Promenade en Italie

La Ciné-collection met à l'honneur un chef-d'œuvre de la comédie italienne, ‘Le Fanfaron' de Dino Risi, où un timide étudiant s'encanaille un quinze août avec un truculent Romain, hâbleur et dragueur. Au bout de la ligne droite, une grande mélancolie… CC


Venu à Lyon parler de son premier film ‘La Grande Vie', Emmanuel Salinger payait son tribut à la comédie italienne, un cinéma qu'il qualifie de «populaire et ambitieux formellement». En France, où la critique a toujours préféré Rossellini et Visconti à Risi et Scola, un tel jugement fait plaisir à entendre.

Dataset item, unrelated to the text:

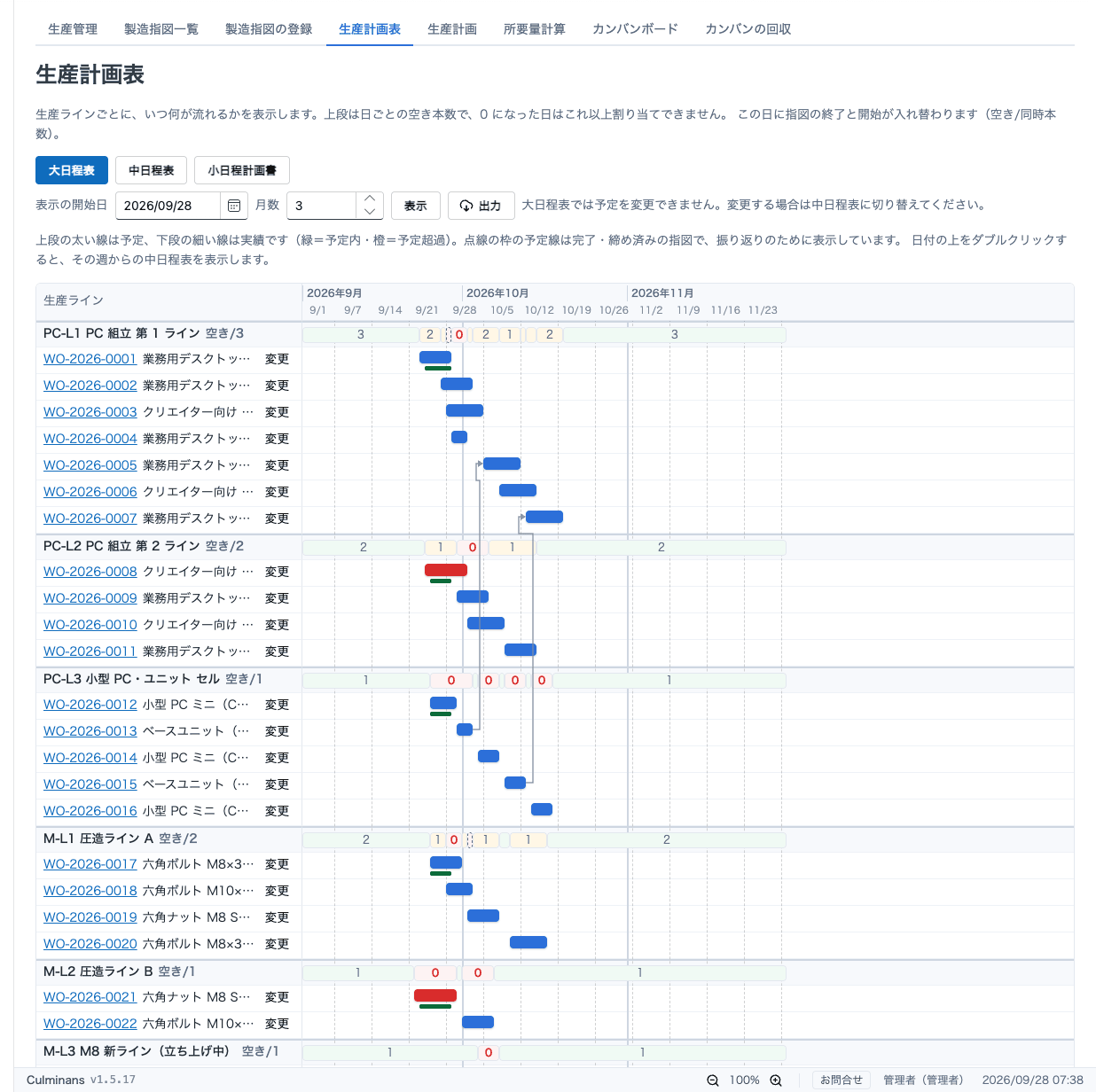 大日程表。数か月分の流れを月と週の目盛りで確認する。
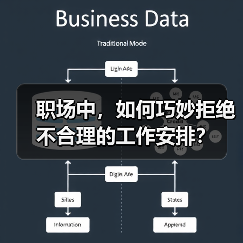 职场中，如何巧妙拒绝不合理的工作安排？（图3）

Car ce que les metteurs en scène italiens des années 60 et 70 ont su inventer, c'est justement un cinéma qui ne transige ni sur le plaisir du spectateur, ni sur son intégrité artistique. ‘Le Fanfaron', tourné en 1962, est un des films les plus emblématiques du mouvement. Dino Risi était encore au début de sa prolifique carrière (il n'avait pas encore entamé sa série de films à sketchs ‘Les Monstres', mais avait déjà signé quelques œuvres importantes comme ‘Il Veduvo' et ‘Une vie difficile') ; ‘Le Fanfaron' va la mettre sur les rails et influencé profondément le ton de ses films suivants.

Tragique farniente

Nous sommes à Rome un 15 août, jour férié et chômé, mais surtout jour de désœuvrement et de rues désertes. Bruno (Vittorio Gassman), cliché de l'Italien beau parleur, frimeur et dragueur, débarque par effraction dans la vie de Roberto (Jean-Louis Trintignant), étudiant en droit introverti qui voulait profiter de cette journée pour réviser ses examens. Bruno l'embarque dans une virée sans fin à travers les faubourgs de Rome, klaxonnant dans tous les sens avec sa Fiat décapotable lancée à toute vitesse, insultant les passants, livrant sa philosophie de l'existence (qui, de temps en temps, rejoint celle de Risi, voir l'hilarante saillie contre Antonioni !), branchant les filles qui passent… D'abord embarrassé par cet énergumène, Roberto va peu à peu se laisser griser par cette vie facile, cette perspective de jouissance décomplexée que lui, le puceau timide, a toujours refoulée. Si la comédie fonctionne admirablement, Risi glisse des indices du drame qui couve derrière l'allégresse. C'est un accident de voiture sanglant, le souvenir d'une idylle d'enfance, une bagarre évitée de justesse… Le génie du film est de donner l'impression de foncer tête baissée avec son personnage principal, tout en préservant des instants de mélancolie, comme si la réalité allait rattraper ces jeunes gens qui cherchent à la fuir. C'est ce qui est beau dans la comédie italienne : elle n'a peur ni de la tristesse, ni de la mort.

Le Fanfaron
De Dino Risi (1962, Ita, 1h45) avec Vittorio Gassman, Jean-Louis Trintignant…
Dans les salles du GRAC jusqu'au 23 novembre.